Aujourd'hui, le groupe est plus dynamique. La commission démarre à 9 h 30, tous les jeudis matin. Une heure environ est consacrée aux nombreuses terminologies envoyées par les ministères. L'objectif est de trouver des équivalents français aux vocables anglais largement usités dans de nombreux domaines d'activité. Les recommandations des douze sont ensuite inscrites au Journal officiel. Le «service», qui prépare également cette partie pour les publications techniques officielles, doit s'intéresser aux secteurs les plus variés : le bâtiment, la chimie, le nucléaire, la haute technologie… «C'est un moment extraordinaire, les termes sont parfois accompagnés de dessins explicatifs. On en apprend des choses !» raconte, en souriant, Hélène Carrère d'Encausse. L'Académie tire profit de ces débats pour nourrir son ouvrage et l'élargir à la culture technique et scientifique.

À 10 h 30, c'est la «pause Romilly», du nom de l'helléniste Jacqueline de Romilly qui a institué le rituel : un petit quart d'heure de relâche, de bavardages et de café. «C'est particulièrement nécessaire après la séance de termes techniques…», explique le secrétaire perpétuel.

Reprise des débats à 10 h 45, pile. On n'admet pas de retard. Le reste de la matinée est consacrée au dictionnaire, et rien qu'au dictionnaire. Les académiciens peuvent passer deux heures sur une définition. Généralement, l'accord se fait aisément. En cas de divergences, on vote et le terme est adopté, comme une loi au Parlement. On emporte aussi chez soi des «devoirs de vacances», les deux heures d'échanges suffisent rarement. Une fois le travail terminé, la compagnie s'en va déjeuner et, souvent, les discussions se poursuivent autour d'une bonne table, celle de l'Académie.

Une autre partie du travail de ce service du dictionnaire mérite d'être racontée tant elle est étonnante. «Nous recevons 3 000 à 3 500 courriers par an qui nous interrogent sur la langue française. Ce qui est amusant, c'est le nombre d'élèves qui nous envoient leurs devoirs de français à faire !» révèle Agnès Oster. «Beaucoup de personnes nous proposent des néologismes. Signe des temps, certaines se renseignent pour savoir si, éventuellement, elles pourraient toucher des droits d'auteur au cas où l'on accepterait ce mot…», ajoute Patrick Vannier. Tous deux sont tout de même heureux de constater que de nombreuses demandes émanent de l'étranger. Et, surtout, ils parlent «de découvertes, d'émerveillements, et d'étonnements». «On est loin d'être une institution sclérosée», disent-ils.

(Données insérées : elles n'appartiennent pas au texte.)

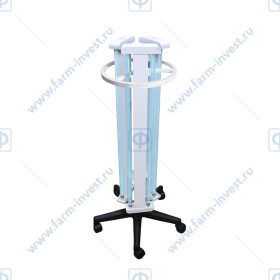 Облучатель бактерицидный ОБПе-450 Азов (6х30) передвижной Облучатель бактерицидный ОБПе-450 Азов (6х30) передвижной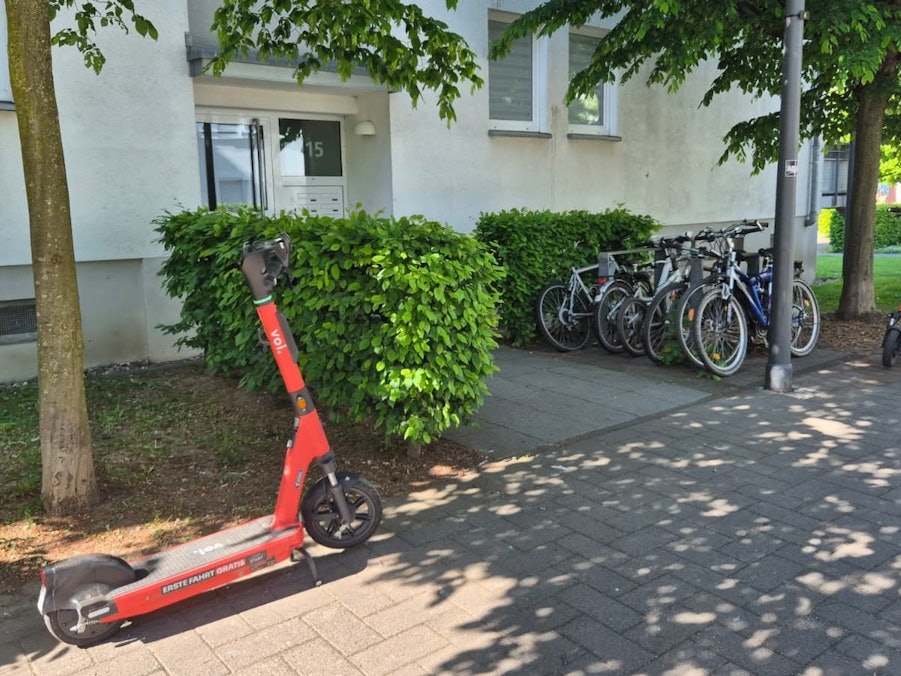 E-Scooter in Köln-Vingst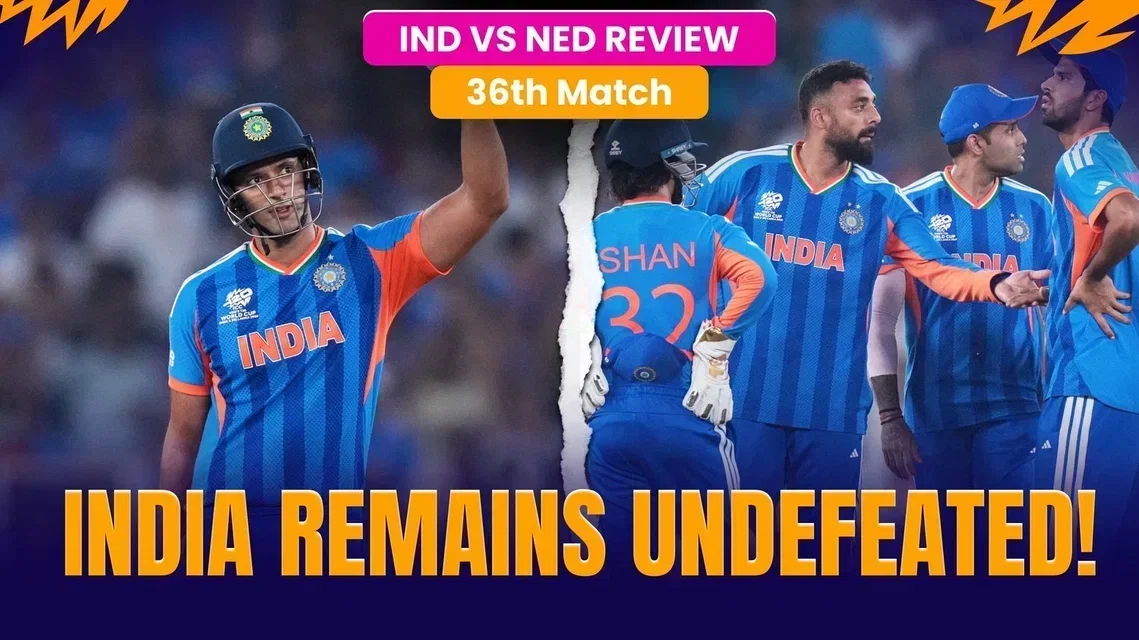 India’s Unbeaten March Continues, Netherlands Fall in High-Scorer | Review
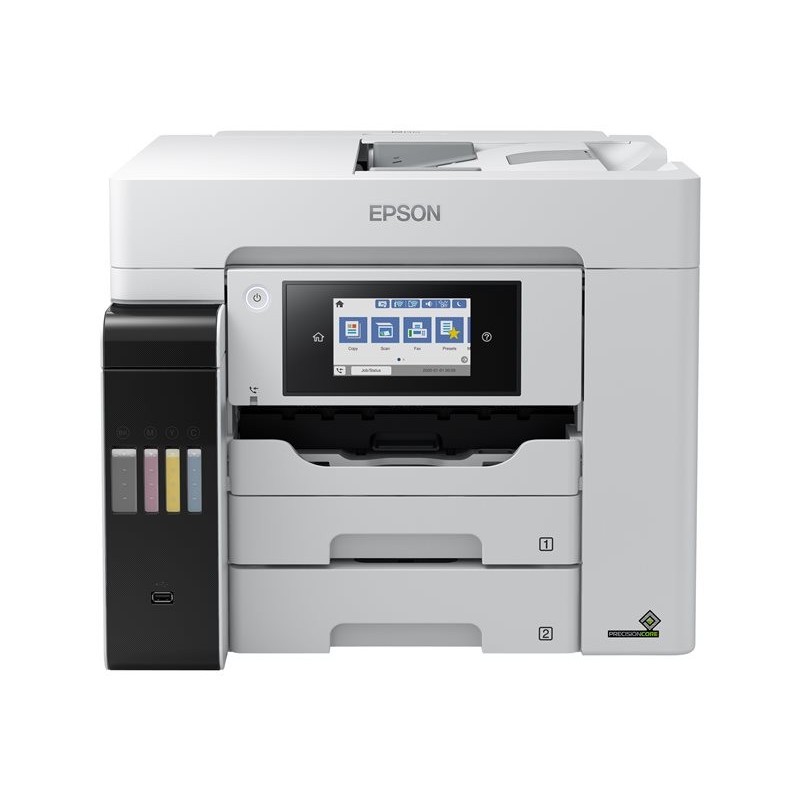 EPSON EcoTank L6580 A4 MFP Inkjet Colour FAX 25ppm EPSON EcoTank L6580 A4 MFP Inkjet Colour FAX 25ppm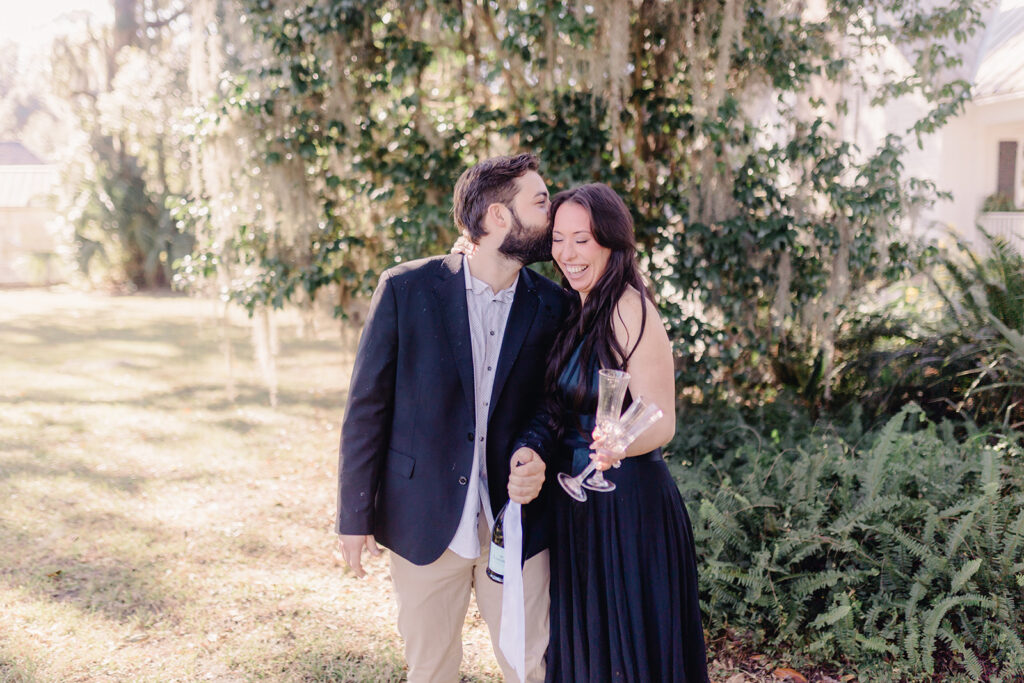 Wormsloe Proposal - Esther Griffin Photography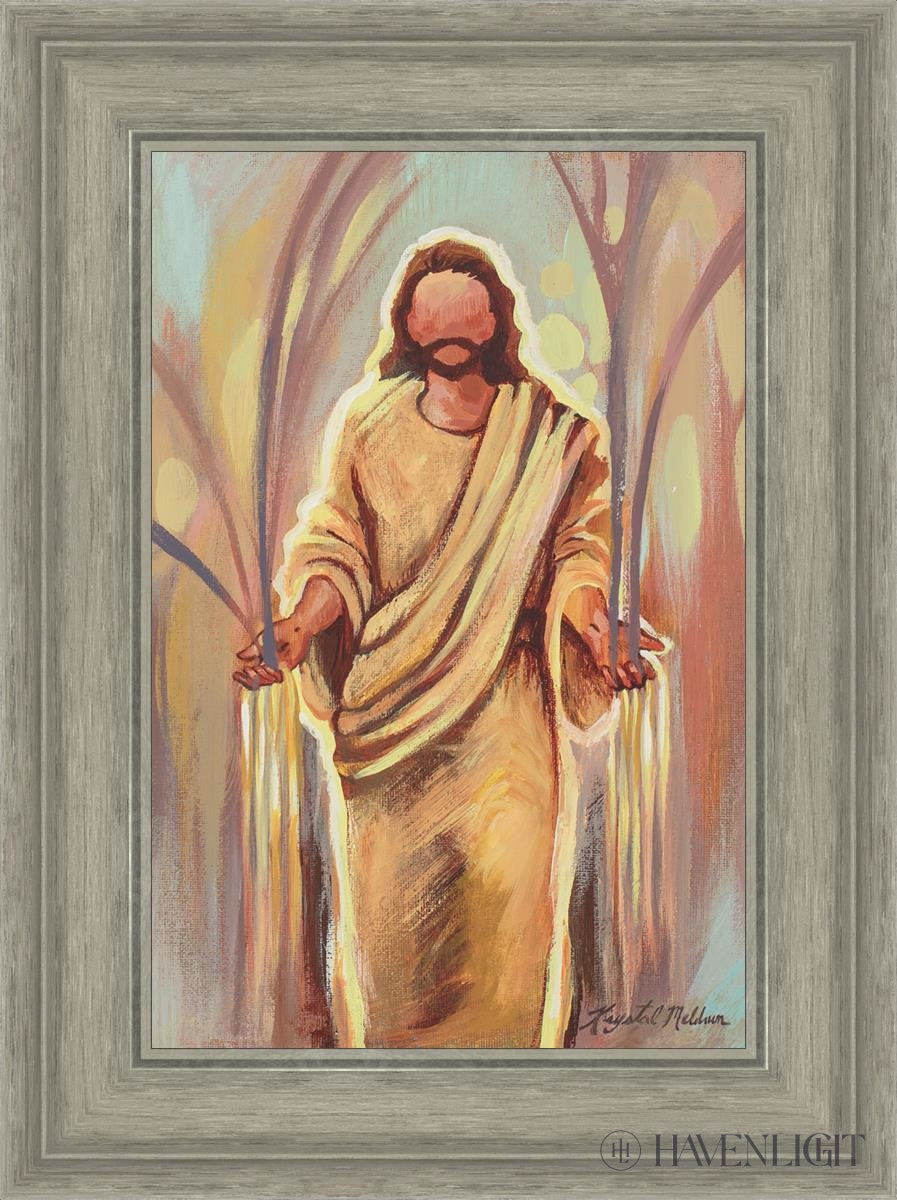 Sorrow Turned To Gold Open Edition Canvas / 12 X 18 Gray 17 3/4 23 Art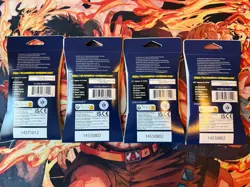One Piece OP01 Romance Dawn Sleeved Booster Pack Pre Errata First Wave 4x - Image 2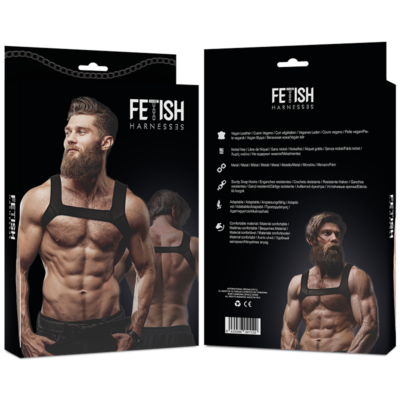 Fetish submissive attitude - neoprene sport men harness size m fetish submissive attitude caliente. Pt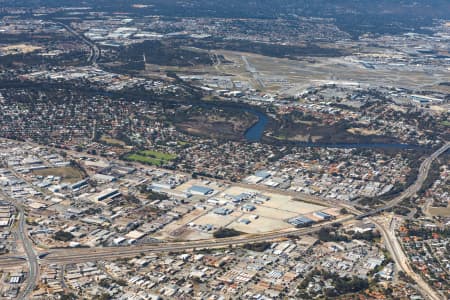 Aerial Image of BAYSWATER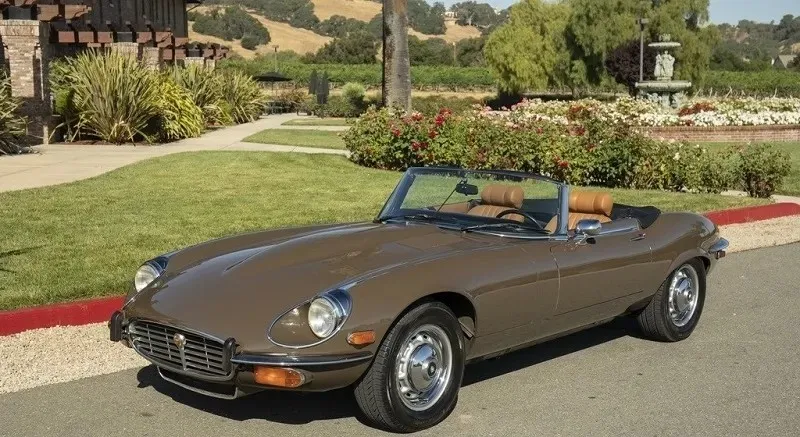 1973 Jaguar E-Type ROADSTER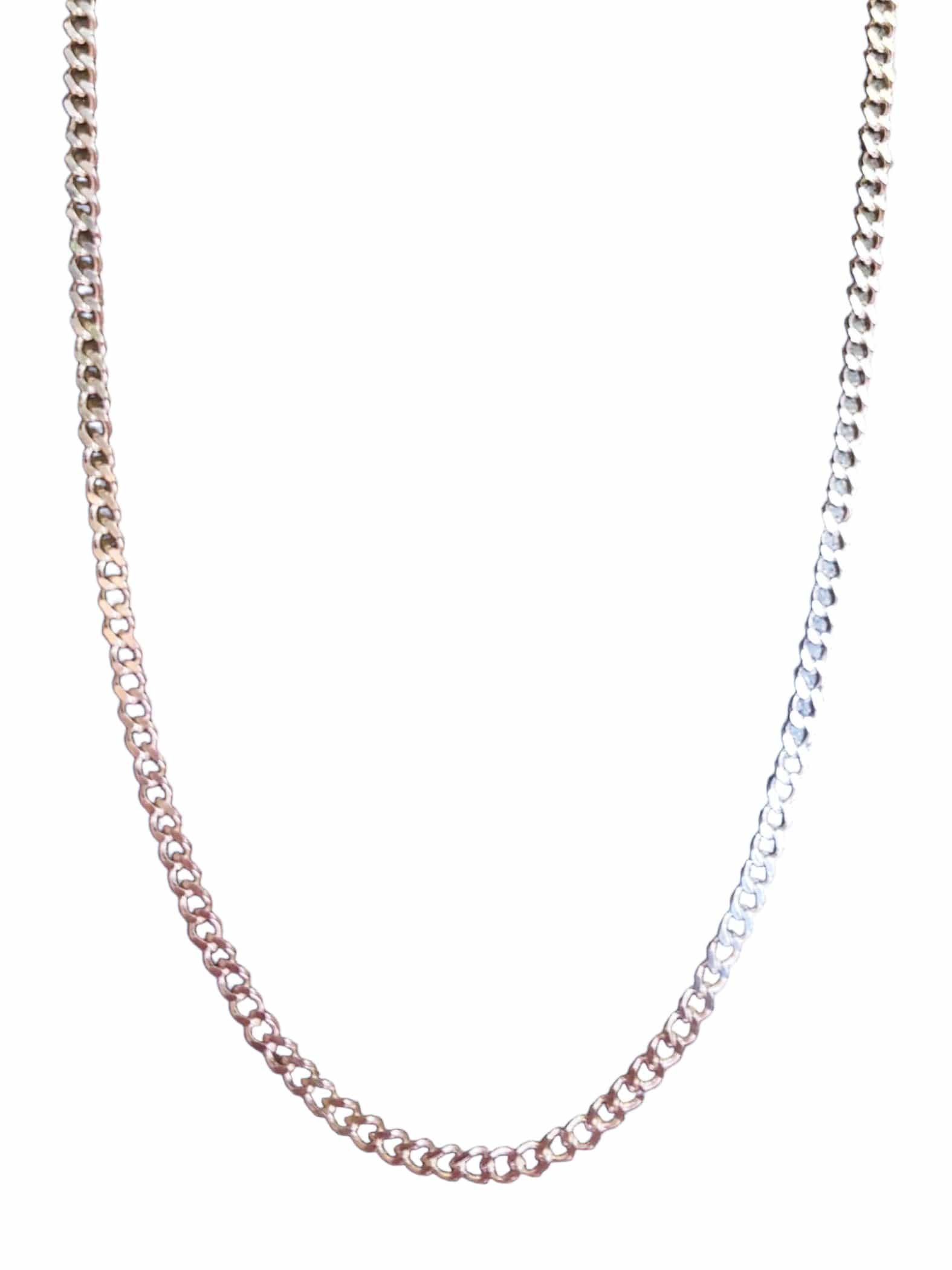 Corrente Prata de Lei 925-TerraCotta Arte Sacra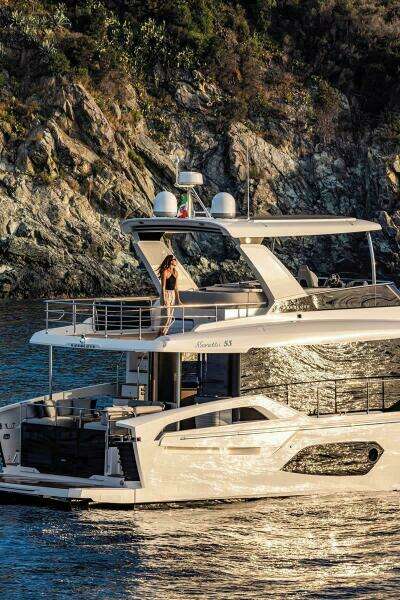 53ft Absolute Yacht For Sale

Derrière ce travail de bénédictin, en apparence technique et réservé aux seuls puristes, se cache un véritable enjeu politique. Hélène Carrère d'Encausse en est consciente, comme ses confrères. L'Académie se trouve au cœur de la plupart des débats actuels : l'identité nationale, la réforme de l'orthographe, la domination de Google, la langue des brevets européens… Sur toutes ces questions, la compagnie - avec parfois le concours du service du dictionnaire - sait qu'elle a son mot à dire, et une position à prendre. D'ailleurs, elle ne va pas s'en priver à l'occasion de sa séance publique annuelle de rentrée, le 3 décembre prochain. «La langue est notre socle commun», tient à affirmer le secrétaire perpétuel.

(1) Le Dictionnaire de l'Académie française est disponible dans une version mise à jour jusqu'au mot «plébéien» sur le site Internet www.academie-francaise.fr. Il existe une édition de poche en deux volumes coédités par Fayard et L'Imprimerie nationale (volume 1 : de A à Enzyme, 1200 pages, 35 € ; volume 2 : de Eocène à Mappemonde, 1244 pages, 30 €). Un troisième tome, jusqu'à la lettre «r» sera mis sous presse à la fin de l'année 2010. Un cédérom est également en vente.